Download or read book Liquid Empire written by Corey Ross and published by Princeton University Press. This book was released on 2024-07-09 with total page 464 pages. Available in PDF, EPUB and Kindle. Book excerpt: A bold new account of European imperialism told through the history of water In the nineteenth and twentieth centuries, a handful of powerful European states controlled more than a third of the land surface of the planet. These sprawling empires encompassed not only rainforests, deserts, and savannahs but also some of the world’s most magnificent rivers, lakes, marshes, and seas. Liquid Empire tells the story of how the waters of the colonial world shaped the history of imperialism, and how this imperial past still haunts us today. Spanning the major European empires of the period, Corey Ross describes how new ideas, technologies, and institutions transformed human engagements with water and how the natural world was reshaped in the process.

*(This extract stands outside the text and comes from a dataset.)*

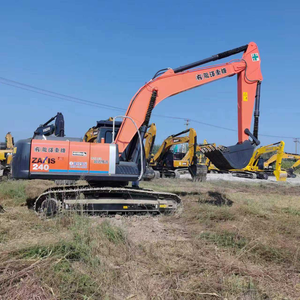 Excavadora Hitachi ZX240 Usada de Japón, Bomba de Componentes Clave, Segunda Mano, Zaxis 240, Shanghái, China - Product Image 1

Water was a realm of imperial power whose control and distribution were closely bound up with colonial hierarchies and inequalities—but this vital natural resource could never be fully tamed. Ross vividly portrays the efforts of officials, engineers, fisherfolk, and farmers to exploit water, and highlights its crucial role in the making and unmaking of the colonial order. Revealing how the legacies of empire have persisted long after colonialism ebbed away, Liquid Empire provides needed historical perspective on the crises engulfing the world’s waters, particularly in the Global South, where billions of people are faced with mounting water shortages, rising flood risks, and the relentless depletion of sea life.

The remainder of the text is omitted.